The pope will meet with President Hosni Mubarak on his arrival at Cairo International Airport, then pay courtesy calls on Egypt’s two most important religious leaders _ Shenouda III, the Coptic pope of Alexandria and patriarch of the See of St. Mark, and Mohamed Sayed Tantawi, the grand sheik of Al Azhar and leader of Sunni Muslims.

On Friday, John Paul will celebrate a Roman Catholic Mass in the Cathedral of Our Lady for Egypt’s small Coptic Catholic minority and later meet with Christian leaders in the chapel of the Major Inter-Ritual Seminary of St. Leo the Great.

On Saturday he will fly to Sinai to visit the Monastery of St. Catherine of Sinai at the foot of Mount Sinai and lead a prayer service in the Garden of Olives. His stay will last only two hours and 50 minutes, but it will be the high point of the trip.

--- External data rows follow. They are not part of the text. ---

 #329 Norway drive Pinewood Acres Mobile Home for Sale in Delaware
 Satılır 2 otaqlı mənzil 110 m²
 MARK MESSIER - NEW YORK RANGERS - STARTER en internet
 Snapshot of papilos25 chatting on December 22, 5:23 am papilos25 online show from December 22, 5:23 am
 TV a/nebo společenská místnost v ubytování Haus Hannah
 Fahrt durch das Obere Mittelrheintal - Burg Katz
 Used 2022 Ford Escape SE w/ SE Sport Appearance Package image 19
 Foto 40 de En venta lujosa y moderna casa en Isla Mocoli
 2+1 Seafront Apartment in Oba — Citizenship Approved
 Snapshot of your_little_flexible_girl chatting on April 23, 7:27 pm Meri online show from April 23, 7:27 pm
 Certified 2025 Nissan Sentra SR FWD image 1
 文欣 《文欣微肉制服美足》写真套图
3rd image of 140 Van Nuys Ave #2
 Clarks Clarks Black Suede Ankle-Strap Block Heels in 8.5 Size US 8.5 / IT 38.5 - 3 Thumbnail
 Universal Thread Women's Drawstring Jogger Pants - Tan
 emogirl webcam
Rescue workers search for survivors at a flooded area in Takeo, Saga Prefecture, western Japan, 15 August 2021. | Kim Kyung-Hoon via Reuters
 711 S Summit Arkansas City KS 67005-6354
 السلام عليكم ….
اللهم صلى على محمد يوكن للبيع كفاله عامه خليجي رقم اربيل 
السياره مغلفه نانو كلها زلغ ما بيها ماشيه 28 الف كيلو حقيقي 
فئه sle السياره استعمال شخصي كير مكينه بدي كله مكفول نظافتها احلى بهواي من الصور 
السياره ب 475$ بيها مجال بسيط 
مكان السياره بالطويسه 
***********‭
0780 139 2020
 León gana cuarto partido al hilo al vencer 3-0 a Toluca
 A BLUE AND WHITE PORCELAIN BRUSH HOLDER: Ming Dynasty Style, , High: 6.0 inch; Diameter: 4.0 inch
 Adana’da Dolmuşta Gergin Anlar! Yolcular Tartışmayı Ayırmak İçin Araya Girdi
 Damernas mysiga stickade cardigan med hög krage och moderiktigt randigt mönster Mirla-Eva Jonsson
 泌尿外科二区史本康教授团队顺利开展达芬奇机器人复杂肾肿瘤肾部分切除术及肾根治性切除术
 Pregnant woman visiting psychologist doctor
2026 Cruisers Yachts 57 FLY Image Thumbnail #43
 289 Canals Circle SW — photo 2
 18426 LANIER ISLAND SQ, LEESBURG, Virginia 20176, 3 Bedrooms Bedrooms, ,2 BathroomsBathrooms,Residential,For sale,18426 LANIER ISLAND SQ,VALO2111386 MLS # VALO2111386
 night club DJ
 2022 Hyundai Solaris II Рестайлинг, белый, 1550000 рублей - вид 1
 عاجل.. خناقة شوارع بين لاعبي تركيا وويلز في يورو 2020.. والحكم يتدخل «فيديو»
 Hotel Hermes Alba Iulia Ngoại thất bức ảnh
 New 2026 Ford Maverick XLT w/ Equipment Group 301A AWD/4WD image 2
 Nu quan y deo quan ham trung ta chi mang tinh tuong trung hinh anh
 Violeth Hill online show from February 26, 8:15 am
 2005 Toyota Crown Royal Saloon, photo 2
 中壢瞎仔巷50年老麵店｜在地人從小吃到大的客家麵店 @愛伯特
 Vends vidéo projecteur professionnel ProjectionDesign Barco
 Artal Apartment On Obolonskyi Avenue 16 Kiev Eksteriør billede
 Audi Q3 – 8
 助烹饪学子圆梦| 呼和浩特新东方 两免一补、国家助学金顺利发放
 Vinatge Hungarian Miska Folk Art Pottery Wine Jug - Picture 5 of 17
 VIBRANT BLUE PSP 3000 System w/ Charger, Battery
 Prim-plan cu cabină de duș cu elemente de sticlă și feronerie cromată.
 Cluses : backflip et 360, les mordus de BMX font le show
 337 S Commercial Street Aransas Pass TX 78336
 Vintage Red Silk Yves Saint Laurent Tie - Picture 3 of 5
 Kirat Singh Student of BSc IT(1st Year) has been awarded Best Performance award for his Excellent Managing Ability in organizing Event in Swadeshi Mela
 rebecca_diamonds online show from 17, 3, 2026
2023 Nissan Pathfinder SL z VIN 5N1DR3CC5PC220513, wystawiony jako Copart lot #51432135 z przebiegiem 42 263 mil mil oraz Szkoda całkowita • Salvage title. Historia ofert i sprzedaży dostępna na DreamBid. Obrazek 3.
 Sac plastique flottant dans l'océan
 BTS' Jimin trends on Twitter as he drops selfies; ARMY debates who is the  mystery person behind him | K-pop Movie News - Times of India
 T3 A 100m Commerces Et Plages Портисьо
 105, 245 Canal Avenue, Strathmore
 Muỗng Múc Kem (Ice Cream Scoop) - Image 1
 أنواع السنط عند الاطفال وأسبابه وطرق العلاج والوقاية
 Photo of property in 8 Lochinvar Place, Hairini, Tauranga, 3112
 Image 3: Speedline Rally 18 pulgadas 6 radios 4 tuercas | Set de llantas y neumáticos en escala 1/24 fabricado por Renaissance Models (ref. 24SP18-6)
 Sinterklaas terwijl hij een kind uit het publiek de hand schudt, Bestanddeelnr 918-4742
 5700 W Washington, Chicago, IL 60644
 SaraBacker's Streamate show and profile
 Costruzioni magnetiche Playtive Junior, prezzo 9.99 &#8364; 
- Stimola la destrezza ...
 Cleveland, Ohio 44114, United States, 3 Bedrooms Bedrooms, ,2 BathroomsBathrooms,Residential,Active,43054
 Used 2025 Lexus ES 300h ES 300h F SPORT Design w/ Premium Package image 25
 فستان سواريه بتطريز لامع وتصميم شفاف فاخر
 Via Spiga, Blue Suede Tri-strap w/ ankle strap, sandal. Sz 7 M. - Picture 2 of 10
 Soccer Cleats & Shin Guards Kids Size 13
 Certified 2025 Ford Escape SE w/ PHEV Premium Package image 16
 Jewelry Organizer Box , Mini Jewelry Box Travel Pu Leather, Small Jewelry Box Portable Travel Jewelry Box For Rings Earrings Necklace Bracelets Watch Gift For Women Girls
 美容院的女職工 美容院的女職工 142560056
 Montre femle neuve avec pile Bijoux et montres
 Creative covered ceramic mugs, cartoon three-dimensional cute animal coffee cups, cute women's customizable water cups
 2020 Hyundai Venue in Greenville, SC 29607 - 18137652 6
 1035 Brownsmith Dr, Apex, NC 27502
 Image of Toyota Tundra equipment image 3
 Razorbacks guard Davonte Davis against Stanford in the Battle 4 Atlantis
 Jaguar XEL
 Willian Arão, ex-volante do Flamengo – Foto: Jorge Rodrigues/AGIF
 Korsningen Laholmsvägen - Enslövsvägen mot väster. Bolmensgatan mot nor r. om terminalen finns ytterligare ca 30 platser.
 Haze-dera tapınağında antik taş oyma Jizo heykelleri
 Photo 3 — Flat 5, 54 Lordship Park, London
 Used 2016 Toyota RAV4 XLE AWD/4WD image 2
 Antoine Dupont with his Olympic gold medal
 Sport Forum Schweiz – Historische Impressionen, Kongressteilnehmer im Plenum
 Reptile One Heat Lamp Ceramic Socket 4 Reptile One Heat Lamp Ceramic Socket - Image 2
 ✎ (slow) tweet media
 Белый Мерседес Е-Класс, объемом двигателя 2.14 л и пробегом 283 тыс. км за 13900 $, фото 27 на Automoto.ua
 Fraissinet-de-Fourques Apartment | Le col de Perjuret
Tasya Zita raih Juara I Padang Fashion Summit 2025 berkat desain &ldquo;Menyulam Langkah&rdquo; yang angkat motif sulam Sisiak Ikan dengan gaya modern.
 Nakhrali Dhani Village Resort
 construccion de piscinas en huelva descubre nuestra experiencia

The Old Testament Book of Exodus says it was on Mount Sinai that Moses received the revelation of God’s name and where God later sealed the covenant with his people by giving Moses the Ten Commandments.


The pope’s trip next month will take him to Jordan and to Israel and Palestinian-controlled territories where he will trace the life, death and resurrection of Jesus.